Saturday, May 05, 2007

Being Threatened

Today's publishing world allows a place for hysteria in printed form. Many popular-level political books from both the right and left go beyond being provocative, and dive head-first into hysterical ranting. The same is true in many other fields of study, including religion.

Chris Hitchens' latest book, God is not Great, is one such example. Like Richard Dawkins' God Delusion, Hitchens offers a hysterical and frenzied warning against the evils of religion. Like Dawkins' opus, many level-headed voices from across the ideological spectrum have joined in harmony critiquing Hitchens as the atheistic counterpart to the anti-intellectual, dogmatic, tyrannical, uncompromising strain of theism he so gleefully skewers. I'm content to leave it to others to demonstrate Hitchens' folly (there was a decent book review in the WP today as one example). My burden here is to try and move beyond the bombast to speculate on the reasons behind the bombast.

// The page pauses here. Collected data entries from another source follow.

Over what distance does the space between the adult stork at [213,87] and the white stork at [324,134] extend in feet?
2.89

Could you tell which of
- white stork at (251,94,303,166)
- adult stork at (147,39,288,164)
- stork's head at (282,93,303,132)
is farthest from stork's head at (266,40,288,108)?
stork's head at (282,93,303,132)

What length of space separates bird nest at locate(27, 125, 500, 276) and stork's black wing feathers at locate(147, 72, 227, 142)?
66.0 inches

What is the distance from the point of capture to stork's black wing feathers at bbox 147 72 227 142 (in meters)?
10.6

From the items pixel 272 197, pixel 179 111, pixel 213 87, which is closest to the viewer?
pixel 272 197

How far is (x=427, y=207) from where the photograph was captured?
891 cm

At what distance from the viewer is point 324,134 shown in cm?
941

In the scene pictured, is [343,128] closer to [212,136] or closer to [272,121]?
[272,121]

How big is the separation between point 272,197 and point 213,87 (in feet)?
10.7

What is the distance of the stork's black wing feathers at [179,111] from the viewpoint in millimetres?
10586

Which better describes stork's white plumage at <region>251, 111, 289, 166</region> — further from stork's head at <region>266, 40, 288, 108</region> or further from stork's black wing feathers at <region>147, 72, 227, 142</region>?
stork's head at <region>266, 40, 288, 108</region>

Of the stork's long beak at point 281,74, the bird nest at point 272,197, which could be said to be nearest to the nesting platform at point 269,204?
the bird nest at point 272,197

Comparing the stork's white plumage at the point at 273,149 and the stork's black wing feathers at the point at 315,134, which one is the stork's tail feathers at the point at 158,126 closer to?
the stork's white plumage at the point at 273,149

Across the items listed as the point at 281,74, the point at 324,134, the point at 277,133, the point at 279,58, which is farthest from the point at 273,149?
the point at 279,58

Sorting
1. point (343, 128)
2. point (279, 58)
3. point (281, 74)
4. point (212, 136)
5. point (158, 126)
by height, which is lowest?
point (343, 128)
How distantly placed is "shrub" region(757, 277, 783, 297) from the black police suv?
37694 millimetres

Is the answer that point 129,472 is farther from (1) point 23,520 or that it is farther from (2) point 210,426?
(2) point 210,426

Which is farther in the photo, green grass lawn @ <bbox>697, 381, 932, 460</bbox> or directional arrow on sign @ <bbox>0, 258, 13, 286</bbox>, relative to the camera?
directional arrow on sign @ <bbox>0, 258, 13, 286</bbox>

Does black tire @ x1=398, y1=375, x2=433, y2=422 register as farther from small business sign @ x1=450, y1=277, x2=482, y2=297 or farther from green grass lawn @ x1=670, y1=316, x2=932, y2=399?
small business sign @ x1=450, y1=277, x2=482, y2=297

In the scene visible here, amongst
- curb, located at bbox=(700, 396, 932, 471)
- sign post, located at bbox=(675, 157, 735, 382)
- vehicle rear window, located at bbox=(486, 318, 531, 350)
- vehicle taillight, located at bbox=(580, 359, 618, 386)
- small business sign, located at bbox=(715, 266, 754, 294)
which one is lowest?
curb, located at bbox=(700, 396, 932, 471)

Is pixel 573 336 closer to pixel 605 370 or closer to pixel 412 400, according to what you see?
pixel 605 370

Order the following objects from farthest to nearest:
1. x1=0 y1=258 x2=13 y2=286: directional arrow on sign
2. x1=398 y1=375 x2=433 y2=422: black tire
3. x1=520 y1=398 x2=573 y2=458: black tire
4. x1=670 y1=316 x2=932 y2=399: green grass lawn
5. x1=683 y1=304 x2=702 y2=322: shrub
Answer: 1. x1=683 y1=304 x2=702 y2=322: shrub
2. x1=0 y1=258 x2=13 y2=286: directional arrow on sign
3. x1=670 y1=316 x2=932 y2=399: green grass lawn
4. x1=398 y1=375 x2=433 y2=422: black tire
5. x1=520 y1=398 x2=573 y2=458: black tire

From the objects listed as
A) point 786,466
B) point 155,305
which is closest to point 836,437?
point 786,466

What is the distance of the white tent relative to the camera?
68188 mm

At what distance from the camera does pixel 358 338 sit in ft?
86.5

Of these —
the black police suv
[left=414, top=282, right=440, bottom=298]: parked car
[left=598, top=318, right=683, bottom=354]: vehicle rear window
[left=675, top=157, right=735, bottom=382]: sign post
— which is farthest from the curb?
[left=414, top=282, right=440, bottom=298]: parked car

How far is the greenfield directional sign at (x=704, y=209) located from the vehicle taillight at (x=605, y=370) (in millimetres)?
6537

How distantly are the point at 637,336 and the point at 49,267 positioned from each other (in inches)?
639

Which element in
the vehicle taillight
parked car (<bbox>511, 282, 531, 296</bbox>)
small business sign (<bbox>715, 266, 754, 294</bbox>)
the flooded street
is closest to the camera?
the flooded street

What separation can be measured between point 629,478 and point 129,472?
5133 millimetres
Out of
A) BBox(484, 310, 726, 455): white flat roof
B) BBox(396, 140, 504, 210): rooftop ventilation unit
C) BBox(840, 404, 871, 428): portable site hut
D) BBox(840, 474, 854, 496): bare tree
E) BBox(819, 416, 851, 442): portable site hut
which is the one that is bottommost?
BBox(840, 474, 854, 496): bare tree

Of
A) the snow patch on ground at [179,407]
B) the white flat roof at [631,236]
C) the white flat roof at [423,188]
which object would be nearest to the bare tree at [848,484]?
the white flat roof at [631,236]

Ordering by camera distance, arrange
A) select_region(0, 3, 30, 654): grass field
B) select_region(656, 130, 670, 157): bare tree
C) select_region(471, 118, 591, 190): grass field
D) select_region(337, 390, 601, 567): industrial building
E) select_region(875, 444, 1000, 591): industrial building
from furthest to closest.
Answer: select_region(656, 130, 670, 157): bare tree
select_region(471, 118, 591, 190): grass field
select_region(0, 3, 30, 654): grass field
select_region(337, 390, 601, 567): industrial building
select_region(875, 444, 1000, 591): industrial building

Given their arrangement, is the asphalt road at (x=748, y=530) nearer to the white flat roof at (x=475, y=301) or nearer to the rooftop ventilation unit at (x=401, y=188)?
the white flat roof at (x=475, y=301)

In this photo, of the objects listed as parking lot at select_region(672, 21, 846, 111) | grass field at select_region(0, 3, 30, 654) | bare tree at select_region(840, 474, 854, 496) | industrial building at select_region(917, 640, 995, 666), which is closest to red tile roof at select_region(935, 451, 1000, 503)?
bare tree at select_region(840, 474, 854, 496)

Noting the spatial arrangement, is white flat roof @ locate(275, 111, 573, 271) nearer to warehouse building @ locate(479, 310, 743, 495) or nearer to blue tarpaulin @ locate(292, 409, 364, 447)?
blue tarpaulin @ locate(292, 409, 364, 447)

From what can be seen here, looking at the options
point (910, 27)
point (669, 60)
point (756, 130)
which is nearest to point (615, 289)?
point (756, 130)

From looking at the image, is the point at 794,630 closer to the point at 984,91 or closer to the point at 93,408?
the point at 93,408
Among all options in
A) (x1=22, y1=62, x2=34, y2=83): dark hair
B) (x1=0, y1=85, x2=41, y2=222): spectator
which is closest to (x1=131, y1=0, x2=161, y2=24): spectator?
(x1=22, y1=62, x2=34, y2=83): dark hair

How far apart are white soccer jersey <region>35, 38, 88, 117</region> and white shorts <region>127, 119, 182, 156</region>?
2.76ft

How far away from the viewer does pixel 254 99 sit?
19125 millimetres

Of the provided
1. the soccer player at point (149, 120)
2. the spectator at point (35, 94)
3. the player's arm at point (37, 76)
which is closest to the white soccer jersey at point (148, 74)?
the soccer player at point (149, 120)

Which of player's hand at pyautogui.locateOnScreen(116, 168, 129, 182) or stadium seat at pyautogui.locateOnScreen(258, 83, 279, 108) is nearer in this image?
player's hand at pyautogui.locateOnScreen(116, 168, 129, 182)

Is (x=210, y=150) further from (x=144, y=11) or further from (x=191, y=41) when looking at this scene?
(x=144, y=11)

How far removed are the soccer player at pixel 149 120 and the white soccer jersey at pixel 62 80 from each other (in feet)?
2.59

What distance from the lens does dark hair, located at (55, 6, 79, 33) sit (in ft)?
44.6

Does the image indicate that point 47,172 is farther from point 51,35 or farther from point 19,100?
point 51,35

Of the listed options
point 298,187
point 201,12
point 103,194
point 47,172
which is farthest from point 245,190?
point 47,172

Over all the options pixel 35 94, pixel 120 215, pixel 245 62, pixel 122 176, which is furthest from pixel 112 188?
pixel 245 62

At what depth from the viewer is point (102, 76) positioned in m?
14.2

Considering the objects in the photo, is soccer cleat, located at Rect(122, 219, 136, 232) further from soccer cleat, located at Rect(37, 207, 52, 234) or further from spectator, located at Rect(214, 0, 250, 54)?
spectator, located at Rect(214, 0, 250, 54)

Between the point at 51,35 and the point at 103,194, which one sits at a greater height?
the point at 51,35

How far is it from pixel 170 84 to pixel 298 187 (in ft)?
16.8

I have no doubt that people like Hitchens and Dawkins write as people who have arrived at a place of being deeply offended by religion and everything it stands for. There is no doubt that this visceral resentment strongly fuels the often blind rage reflected in their writings. This makes me sad, and also makes me wonder about the respective experiences of these men that influenced their current posture.

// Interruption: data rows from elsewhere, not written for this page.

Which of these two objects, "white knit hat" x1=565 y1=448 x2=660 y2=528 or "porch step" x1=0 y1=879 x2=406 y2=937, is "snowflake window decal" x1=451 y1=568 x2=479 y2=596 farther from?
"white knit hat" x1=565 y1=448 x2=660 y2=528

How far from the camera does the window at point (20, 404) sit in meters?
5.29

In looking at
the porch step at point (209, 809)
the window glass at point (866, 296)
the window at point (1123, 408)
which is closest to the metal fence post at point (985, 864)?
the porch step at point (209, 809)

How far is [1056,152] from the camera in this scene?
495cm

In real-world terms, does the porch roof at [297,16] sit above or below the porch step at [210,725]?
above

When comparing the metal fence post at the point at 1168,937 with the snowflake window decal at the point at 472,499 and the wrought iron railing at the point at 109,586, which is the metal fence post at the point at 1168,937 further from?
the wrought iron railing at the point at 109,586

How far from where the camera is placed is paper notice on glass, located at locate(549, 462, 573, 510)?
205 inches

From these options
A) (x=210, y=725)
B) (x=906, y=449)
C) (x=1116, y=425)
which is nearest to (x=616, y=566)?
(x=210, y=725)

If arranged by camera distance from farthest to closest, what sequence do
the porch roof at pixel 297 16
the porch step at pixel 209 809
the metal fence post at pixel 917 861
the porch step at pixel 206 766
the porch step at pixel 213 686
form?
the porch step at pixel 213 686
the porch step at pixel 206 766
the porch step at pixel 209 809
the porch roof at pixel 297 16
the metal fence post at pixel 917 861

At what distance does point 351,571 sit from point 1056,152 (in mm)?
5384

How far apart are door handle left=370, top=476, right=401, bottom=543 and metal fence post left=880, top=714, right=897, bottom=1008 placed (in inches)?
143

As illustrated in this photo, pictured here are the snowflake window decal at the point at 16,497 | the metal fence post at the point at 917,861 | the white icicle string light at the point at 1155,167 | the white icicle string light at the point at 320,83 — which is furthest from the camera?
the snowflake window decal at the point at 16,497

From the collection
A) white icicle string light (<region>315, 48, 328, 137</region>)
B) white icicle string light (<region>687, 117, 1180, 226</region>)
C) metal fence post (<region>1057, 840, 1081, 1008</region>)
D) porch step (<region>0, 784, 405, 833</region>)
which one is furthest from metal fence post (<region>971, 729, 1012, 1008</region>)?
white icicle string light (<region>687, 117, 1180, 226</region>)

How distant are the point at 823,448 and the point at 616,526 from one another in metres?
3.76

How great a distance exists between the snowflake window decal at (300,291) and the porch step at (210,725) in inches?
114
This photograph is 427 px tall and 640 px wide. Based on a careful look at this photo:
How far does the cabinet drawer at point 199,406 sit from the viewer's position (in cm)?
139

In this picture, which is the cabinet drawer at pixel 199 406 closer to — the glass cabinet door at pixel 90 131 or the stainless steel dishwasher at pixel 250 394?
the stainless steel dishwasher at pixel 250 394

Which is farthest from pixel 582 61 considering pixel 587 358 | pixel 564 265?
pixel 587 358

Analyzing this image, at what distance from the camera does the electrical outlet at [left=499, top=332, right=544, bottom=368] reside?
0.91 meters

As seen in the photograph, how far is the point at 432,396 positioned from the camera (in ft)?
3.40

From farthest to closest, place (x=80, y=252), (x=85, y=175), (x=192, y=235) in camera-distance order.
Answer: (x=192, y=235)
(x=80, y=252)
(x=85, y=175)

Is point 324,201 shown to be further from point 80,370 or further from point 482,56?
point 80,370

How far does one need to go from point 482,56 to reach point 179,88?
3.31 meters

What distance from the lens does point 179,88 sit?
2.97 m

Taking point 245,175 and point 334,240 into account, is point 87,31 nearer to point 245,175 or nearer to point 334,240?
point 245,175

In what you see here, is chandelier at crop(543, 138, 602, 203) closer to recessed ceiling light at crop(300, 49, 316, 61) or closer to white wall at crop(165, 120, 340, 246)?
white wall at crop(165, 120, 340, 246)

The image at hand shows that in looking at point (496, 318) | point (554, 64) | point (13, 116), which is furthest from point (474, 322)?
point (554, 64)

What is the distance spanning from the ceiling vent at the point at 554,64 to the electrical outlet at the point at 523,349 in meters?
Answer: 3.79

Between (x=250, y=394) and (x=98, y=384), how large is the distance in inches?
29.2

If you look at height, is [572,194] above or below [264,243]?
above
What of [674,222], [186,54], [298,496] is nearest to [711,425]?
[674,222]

But I'm not sure the vitriol of their writings can be chalked up to personal offense alone. I have thought for some time that when people make a habit of going on vitriolic bends about some topic or other, there is an element of fear and threatening fueling it. In other words, when the fundamentalist theist goes outer limits about Darwinism, for example, is it just because they find Darwinism repugnant? I doubt it. It's also because they feel threatened by it; that it's not just that something stands in opposition to their most important belief commitments, but that this something is gaining ground and becoming very threatening because of it. So when Hitchens and Dawkins fly off the grid when it comes to religion, I suspect it's not just because they find religion repugnant. It may also be because religion is not only not waning, it's gaining, and by extension, is putting people like Hitchens and Dawkins into an ever smaller association. This is a threat, a severe one in fact. Such a threat tends to provoke a kind of violence of desperation in those who struggle ever harder to find safe quarter. With Hitchens and Dawkins, their weapons of violence are the tongue and pen (or computer stroke).

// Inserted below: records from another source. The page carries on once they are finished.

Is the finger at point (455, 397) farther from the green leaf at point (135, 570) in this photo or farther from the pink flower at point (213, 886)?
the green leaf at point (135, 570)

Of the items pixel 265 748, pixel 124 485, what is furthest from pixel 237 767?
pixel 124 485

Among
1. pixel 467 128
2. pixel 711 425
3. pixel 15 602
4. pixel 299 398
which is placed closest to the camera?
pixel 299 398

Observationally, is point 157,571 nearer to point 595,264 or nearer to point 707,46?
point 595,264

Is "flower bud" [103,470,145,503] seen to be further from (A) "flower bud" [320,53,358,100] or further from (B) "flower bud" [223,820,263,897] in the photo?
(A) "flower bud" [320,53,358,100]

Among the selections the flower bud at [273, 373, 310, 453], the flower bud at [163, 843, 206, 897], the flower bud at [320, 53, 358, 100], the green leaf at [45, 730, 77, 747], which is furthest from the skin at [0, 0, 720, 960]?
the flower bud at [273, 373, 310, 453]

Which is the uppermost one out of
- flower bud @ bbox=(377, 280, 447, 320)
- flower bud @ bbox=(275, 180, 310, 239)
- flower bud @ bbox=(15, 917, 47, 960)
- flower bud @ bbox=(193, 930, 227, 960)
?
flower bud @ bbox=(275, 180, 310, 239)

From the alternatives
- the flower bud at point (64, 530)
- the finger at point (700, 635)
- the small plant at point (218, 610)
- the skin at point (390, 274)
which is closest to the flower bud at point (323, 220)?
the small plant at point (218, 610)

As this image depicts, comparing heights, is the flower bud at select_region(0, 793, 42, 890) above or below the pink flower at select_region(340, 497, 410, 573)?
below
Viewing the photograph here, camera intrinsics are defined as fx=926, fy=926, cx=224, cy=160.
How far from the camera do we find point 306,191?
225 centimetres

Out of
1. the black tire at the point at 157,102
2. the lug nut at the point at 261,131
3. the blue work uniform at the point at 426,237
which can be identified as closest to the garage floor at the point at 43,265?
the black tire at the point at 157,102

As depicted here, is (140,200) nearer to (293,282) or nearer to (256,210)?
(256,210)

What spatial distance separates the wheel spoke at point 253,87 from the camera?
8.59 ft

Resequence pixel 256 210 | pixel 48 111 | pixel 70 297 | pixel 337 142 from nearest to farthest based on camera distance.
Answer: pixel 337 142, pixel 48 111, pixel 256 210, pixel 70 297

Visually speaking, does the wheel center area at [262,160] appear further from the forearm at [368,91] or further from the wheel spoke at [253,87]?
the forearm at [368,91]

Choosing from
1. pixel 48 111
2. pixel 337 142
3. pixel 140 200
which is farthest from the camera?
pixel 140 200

From their perspective, it truly must seem inconceivable that they are surrounded by so many who are personally religious, or who may not be particularly religious but don't have any real beef with religion either. The frustration that leads to desperation that leads to losing all balance and the ability to responsibly think things through is what leads to the loopy end products that baffle those who know these two men and remark about how intelligent they can be at other times. Perhaps ironically, the same has often been said of Pat Robertson by those who know him. He has an Ivy League doctorate and is quite intelligent and well read. But so often, you'd never know it.

As I said, I'm admittedly speculating so this post should be taken with a few kilograms of salt. But when you combine personal offense with feeling under assault by the very thing that offends you, it becomes a very potent combination. And folks who embody this combination, regardless of where they fall along the ideological spectrum, too often compromise their reputation by producing blind drivel that is entirely too easy to shred to pieces, as Plantinga recently did with Dawkins' work. The lesson is to be aware of what we bring to our analysis of an issue, and realize that we can be blinded by our own frenzy, and damage ourselves severely, not to mention damaging our cause, whatever it is.